==== Supplied records ====

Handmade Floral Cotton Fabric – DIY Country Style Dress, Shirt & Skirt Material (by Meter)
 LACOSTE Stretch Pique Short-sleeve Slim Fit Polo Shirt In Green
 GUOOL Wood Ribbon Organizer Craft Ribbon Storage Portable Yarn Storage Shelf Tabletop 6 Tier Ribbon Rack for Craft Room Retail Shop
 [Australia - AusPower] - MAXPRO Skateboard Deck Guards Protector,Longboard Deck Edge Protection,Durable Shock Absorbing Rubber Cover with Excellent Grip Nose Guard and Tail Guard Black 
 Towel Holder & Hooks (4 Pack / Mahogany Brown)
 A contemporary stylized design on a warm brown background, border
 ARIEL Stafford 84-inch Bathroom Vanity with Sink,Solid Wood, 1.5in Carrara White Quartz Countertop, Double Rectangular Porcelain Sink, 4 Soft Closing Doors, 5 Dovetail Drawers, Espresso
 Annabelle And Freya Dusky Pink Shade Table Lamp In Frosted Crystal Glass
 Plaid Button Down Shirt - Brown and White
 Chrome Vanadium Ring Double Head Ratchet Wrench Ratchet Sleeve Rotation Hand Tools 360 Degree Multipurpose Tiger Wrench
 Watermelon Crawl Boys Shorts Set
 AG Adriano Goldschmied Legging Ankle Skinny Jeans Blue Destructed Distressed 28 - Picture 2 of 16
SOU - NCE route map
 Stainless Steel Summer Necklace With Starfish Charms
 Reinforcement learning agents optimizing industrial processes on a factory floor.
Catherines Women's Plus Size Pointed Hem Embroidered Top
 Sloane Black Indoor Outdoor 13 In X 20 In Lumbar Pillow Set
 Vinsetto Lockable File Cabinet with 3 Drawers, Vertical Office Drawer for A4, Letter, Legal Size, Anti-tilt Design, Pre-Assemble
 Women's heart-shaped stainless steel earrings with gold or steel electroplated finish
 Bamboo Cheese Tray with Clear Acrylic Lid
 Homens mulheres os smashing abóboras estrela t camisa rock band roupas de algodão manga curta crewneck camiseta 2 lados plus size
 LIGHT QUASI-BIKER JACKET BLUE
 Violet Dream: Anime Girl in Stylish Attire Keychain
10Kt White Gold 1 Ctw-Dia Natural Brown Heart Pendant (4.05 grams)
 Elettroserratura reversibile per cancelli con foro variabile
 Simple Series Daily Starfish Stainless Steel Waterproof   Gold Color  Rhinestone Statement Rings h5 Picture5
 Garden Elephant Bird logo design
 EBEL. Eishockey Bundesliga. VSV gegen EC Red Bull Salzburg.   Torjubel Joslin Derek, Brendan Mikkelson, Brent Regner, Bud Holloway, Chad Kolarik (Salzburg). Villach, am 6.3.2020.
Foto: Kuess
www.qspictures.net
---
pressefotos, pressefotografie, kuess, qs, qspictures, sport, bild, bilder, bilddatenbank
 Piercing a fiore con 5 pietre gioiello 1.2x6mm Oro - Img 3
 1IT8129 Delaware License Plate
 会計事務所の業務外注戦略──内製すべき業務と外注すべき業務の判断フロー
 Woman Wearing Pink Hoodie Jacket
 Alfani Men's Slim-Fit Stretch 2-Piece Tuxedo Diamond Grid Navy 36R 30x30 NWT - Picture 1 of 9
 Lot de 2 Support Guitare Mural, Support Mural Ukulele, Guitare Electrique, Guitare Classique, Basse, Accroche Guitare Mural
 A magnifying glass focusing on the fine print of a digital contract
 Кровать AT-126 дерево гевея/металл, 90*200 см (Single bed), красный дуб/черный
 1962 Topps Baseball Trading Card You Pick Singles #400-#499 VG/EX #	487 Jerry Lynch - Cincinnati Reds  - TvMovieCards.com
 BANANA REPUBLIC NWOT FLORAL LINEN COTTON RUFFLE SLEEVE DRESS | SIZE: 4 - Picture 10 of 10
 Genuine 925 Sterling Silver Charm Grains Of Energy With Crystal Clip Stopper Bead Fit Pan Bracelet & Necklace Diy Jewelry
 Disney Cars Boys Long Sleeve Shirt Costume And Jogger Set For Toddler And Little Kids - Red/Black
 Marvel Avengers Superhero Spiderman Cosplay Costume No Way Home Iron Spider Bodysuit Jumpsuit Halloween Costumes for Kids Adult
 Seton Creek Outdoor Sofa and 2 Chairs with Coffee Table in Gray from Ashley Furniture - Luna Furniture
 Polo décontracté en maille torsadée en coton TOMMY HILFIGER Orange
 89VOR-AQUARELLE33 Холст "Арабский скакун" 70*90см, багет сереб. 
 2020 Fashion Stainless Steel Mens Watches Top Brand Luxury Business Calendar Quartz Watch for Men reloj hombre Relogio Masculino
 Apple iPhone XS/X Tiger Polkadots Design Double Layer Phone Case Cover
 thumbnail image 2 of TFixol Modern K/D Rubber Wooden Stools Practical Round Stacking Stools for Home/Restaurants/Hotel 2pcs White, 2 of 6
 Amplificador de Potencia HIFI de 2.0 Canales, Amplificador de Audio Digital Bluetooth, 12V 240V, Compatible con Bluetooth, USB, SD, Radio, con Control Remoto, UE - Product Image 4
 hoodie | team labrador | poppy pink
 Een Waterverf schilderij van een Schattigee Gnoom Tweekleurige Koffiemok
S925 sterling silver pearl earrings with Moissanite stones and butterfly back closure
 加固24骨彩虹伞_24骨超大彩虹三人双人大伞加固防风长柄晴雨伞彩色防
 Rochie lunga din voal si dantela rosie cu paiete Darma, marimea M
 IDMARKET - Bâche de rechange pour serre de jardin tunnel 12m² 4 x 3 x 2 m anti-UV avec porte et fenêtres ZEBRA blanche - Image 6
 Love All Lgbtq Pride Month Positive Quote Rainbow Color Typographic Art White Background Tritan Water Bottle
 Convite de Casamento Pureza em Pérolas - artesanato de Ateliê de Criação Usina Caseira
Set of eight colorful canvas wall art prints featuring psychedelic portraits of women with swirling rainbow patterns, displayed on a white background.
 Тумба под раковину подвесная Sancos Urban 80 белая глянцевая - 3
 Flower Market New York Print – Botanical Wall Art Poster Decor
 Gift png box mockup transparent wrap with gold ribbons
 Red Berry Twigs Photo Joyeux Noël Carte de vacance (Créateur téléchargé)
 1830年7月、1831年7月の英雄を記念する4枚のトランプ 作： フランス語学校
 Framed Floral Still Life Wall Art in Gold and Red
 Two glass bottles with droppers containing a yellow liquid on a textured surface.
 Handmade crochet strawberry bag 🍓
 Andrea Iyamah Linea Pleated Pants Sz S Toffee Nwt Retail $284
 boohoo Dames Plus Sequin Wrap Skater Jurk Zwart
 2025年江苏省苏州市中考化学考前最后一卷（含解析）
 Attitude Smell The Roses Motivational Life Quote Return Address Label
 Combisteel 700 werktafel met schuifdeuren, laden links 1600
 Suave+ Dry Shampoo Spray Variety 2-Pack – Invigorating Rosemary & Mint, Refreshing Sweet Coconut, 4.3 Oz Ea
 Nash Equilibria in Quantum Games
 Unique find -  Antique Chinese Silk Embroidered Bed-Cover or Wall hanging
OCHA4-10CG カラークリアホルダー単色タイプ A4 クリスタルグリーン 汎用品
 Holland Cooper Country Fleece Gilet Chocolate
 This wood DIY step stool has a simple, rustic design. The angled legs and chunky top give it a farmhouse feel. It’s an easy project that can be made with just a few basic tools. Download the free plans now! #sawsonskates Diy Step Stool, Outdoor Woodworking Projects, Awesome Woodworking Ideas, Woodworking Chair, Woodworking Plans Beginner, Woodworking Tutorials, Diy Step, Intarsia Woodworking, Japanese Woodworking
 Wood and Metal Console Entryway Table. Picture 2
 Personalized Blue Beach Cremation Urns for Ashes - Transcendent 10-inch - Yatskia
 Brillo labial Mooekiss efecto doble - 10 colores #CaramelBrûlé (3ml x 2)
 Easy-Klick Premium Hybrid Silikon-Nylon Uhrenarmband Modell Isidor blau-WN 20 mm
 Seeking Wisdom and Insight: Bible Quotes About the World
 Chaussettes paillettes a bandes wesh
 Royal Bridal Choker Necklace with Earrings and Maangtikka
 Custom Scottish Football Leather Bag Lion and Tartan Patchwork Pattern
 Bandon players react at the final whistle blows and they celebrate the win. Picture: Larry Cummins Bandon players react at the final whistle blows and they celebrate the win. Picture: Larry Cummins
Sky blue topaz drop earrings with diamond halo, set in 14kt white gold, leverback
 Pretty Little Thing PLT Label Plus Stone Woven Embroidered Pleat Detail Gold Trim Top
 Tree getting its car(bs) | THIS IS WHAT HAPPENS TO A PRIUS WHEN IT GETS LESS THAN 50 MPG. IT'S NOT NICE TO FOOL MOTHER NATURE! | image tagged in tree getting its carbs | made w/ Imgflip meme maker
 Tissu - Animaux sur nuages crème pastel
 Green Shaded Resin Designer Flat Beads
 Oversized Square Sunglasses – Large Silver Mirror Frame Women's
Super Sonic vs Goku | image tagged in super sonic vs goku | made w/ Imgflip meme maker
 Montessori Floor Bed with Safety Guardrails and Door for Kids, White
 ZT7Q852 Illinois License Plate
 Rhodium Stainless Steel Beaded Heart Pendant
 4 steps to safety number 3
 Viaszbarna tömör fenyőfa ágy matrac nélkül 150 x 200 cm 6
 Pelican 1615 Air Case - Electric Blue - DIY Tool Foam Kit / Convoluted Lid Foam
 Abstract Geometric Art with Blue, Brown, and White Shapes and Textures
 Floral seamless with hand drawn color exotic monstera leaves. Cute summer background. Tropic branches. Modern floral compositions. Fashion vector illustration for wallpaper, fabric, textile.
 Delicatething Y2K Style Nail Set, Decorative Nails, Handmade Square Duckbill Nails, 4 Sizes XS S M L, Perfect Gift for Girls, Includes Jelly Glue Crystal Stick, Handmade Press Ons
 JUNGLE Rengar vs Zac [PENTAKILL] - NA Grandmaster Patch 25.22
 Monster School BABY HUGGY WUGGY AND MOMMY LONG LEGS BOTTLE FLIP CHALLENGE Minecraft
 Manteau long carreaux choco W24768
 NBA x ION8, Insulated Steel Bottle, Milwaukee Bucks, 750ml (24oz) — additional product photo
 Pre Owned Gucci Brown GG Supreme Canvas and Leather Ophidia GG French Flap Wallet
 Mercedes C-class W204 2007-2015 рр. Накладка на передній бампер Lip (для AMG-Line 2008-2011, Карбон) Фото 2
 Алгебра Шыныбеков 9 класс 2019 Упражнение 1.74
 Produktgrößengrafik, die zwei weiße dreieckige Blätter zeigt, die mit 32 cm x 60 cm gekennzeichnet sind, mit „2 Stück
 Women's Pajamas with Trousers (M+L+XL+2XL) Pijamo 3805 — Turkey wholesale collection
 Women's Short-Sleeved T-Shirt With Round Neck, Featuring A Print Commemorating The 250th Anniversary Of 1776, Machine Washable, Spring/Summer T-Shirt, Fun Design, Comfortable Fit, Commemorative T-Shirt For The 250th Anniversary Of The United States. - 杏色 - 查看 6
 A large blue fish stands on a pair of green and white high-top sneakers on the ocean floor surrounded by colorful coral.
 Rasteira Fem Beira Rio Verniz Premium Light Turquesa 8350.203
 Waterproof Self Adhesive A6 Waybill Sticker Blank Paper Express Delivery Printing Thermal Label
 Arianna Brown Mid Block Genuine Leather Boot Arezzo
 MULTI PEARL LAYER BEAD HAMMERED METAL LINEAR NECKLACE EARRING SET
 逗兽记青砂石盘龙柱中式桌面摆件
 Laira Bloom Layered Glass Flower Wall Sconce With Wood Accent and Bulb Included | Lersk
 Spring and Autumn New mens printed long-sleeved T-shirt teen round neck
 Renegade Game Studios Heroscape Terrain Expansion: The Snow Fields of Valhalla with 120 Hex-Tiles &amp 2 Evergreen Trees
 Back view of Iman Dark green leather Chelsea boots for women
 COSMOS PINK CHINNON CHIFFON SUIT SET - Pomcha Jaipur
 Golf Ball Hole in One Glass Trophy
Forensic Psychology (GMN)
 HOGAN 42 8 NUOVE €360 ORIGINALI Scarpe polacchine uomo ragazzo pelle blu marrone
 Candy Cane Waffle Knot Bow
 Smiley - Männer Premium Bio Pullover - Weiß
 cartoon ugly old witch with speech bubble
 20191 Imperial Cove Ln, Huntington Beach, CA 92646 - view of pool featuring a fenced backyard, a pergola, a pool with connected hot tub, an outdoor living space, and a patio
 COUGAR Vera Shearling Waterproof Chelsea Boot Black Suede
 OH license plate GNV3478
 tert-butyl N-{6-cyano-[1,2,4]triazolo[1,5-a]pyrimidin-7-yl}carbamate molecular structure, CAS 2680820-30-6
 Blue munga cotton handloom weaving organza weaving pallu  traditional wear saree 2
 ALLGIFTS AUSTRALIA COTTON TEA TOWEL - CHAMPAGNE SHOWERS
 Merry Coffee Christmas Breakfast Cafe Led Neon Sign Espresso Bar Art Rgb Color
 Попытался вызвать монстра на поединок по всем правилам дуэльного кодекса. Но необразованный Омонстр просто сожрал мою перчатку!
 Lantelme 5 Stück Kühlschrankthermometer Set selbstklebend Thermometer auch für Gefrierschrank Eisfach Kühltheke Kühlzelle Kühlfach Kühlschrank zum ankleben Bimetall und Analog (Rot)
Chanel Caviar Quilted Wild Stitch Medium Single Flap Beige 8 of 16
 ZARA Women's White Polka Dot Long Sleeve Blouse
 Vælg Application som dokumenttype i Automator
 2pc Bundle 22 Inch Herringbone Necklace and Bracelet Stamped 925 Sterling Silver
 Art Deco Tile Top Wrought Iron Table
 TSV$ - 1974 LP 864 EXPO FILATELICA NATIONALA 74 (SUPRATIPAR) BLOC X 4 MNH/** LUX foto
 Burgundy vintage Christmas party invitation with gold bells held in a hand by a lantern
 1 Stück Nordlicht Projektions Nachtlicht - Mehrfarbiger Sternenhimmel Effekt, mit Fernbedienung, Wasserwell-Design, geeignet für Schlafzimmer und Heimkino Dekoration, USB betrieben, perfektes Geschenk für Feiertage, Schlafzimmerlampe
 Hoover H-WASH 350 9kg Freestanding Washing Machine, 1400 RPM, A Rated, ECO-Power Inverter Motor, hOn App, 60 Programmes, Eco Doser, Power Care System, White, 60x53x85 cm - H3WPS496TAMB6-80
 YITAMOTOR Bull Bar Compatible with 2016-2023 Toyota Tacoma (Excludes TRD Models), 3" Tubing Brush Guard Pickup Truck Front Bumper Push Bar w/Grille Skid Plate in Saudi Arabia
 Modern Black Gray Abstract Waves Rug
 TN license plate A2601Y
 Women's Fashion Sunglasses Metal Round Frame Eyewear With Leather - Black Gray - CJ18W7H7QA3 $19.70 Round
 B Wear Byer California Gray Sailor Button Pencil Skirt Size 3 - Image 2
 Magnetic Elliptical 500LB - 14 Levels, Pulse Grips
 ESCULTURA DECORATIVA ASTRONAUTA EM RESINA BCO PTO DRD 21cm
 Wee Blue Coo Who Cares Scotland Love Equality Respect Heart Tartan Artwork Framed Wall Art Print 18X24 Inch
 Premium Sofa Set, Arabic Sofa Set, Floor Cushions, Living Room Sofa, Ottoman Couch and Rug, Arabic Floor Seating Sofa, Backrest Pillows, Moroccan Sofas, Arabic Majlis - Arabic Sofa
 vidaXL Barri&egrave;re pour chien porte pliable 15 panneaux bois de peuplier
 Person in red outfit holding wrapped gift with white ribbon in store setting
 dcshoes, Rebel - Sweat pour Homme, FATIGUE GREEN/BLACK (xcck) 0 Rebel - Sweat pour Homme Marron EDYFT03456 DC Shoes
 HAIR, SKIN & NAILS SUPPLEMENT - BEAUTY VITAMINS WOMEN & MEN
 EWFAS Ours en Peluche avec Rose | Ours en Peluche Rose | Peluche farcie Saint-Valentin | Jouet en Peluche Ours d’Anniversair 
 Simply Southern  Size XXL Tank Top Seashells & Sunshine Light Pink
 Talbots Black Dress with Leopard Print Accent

====

### Task to complete
Which lines above run from the one containing "Flower Market New" down to the one containing "Handmade crochet strawberry bag 🍓"? Repeat exactly those, both ends included, and nothing else.

### Response box
 Flower Market New York Print – Botanical Wall Art Poster Decor
 Gift png box mockup transparent wrap with gold ribbons
 Red Berry Twigs Photo Joyeux Noël Carte de vacance (Créateur téléchargé)
 1830年7月、1831年7月の英雄を記念する4枚のトランプ 作： フランス語学校
 Framed Floral Still Life Wall Art in Gold and Red
 Two glass bottles with droppers containing a yellow liquid on a textured surface.
 Handmade crochet strawberry bag 🍓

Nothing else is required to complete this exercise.